Provided data:
*** Block opens ***
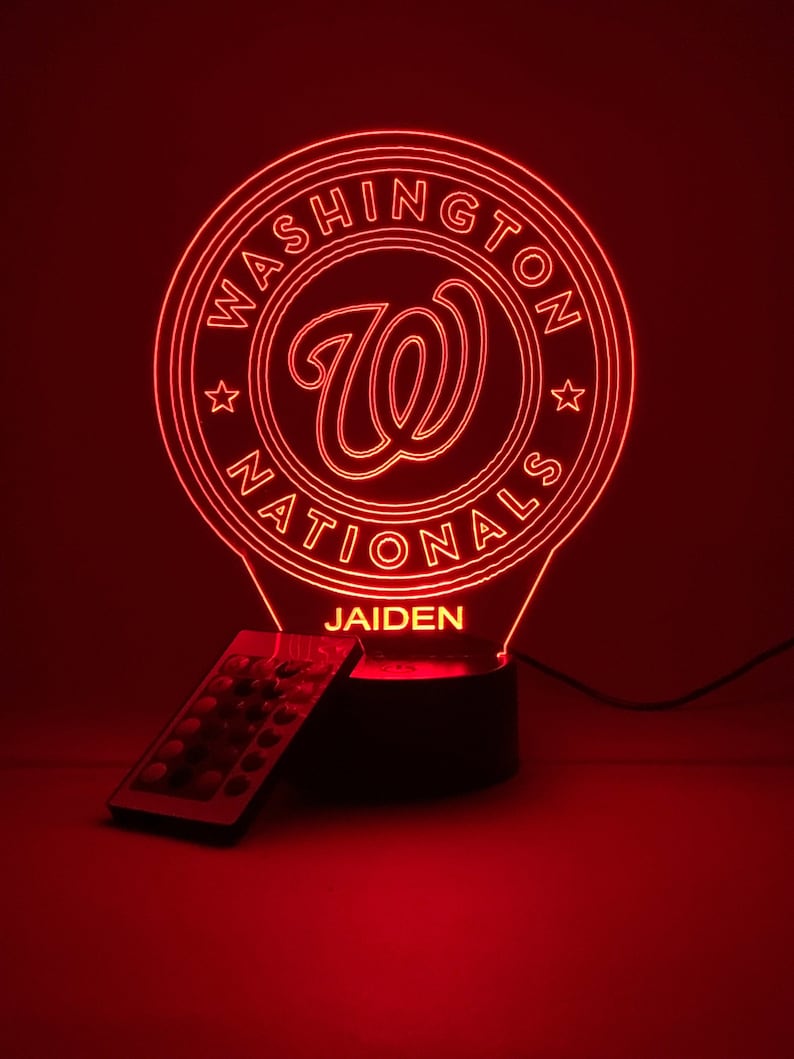 Washington Commanders Personalized 3D Lamp For Sport Fans AZ3DLA032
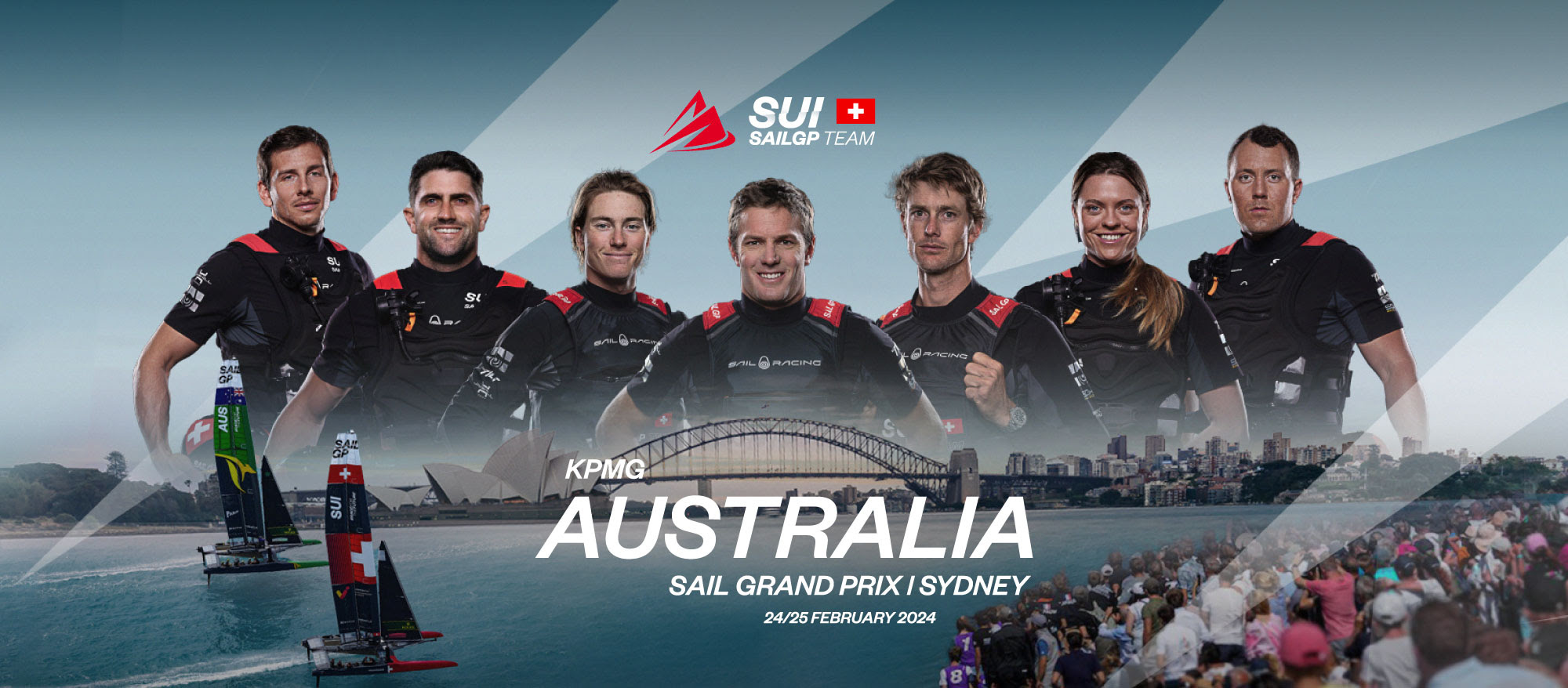 Australia Sail Grand Prix | Sydney | Season 4 | Switzerland | Crew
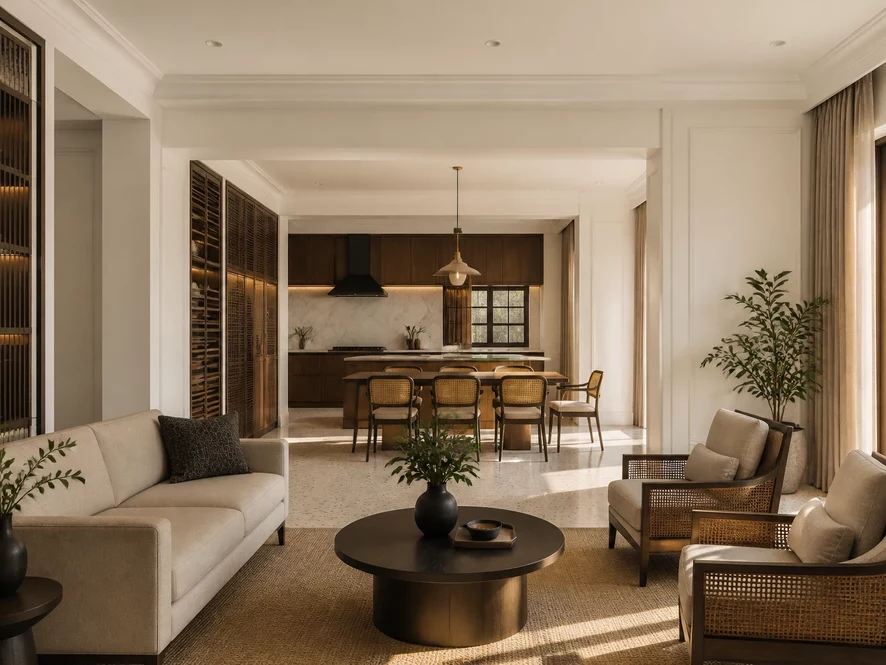 Vật liệu thông minh trong thiết kế nội thất phòng ngủ 25m2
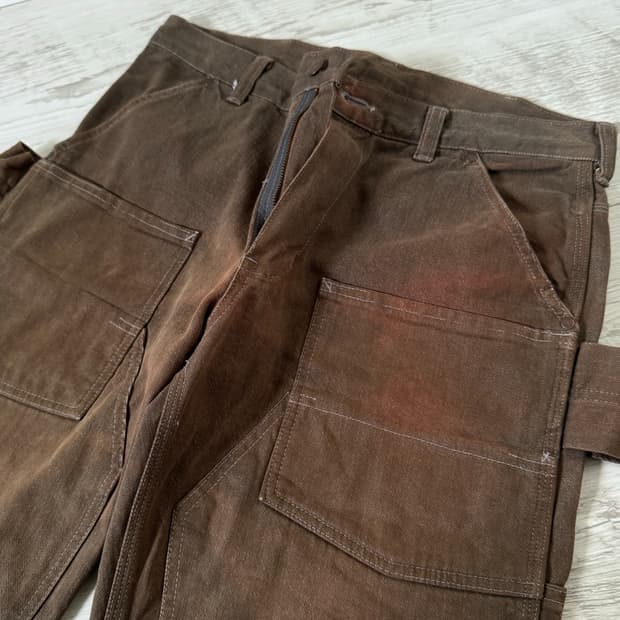 베이프 더블니 카펜터 팬츠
*** Block closes ***
Exercise instructions:
Only the lines from the one with "Vật liệu thông" to the last line of the listing, inclusive, are to be set down, exactly as they stand and without pictures.

Answer space:
 Vật liệu thông minh trong thiết kế nội thất phòng ngủ 25m2
 베이프 더블니 카펜터 팬츠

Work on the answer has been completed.